◆ **WORK INSTRUCTION**: Each record should be written out exactly as given.

◆ **RECORDS FOR THE EXERCISE**:
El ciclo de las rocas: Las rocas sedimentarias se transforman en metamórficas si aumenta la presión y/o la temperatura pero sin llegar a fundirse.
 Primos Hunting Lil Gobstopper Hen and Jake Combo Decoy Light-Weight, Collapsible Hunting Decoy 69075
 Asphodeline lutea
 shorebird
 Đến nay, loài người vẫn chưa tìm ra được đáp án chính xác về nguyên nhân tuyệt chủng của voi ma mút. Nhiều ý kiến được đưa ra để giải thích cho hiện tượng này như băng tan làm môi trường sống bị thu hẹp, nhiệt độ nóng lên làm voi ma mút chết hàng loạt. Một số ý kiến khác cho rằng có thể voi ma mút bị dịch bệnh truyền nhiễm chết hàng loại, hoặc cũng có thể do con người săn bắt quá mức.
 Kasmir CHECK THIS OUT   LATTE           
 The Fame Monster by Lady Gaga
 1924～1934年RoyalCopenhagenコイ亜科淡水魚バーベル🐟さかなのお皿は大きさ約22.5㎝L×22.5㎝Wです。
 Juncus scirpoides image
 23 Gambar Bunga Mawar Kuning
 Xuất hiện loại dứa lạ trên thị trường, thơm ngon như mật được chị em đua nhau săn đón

◆ **ANSWER TO THE PROBLEM**:
El ciclo de las rocas: Las rocas sedimentarias se transforman en metamórficas si aumenta la presión y/o la temperatura pero sin llegar a fundirse.
 Primos Hunting Lil Gobstopper Hen and Jake Combo Decoy Light-Weight, Collapsible Hunting Decoy 69075
 Asphodeline lutea
 shorebird
 Đến nay, loài người vẫn chưa tìm ra được đáp án chính xác về nguyên nhân tuyệt chủng của voi ma mút. Nhiều ý kiến được đưa ra để giải thích cho hiện tượng này như băng tan làm môi trường sống bị thu hẹp, nhiệt độ nóng lên làm voi ma mút chết hàng loạt. Một số ý kiến khác cho rằng có thể voi ma mút bị dịch bệnh truyền nhiễm chết hàng loại, hoặc cũng có thể do con người săn bắt quá mức.
 Kasmir CHECK THIS OUT   LATTE           
 The Fame Monster by Lady Gaga
 1924～1934年RoyalCopenhagenコイ亜科淡水魚バーベル🐟さかなのお皿は大きさ約22.5㎝L×22.5㎝Wです。
 Juncus scirpoides image
 23 Gambar Bunga Mawar Kuning
 Xuất hiện loại dứa lạ trên thị trường, thơm ngon như mật được chị em đua nhau săn đón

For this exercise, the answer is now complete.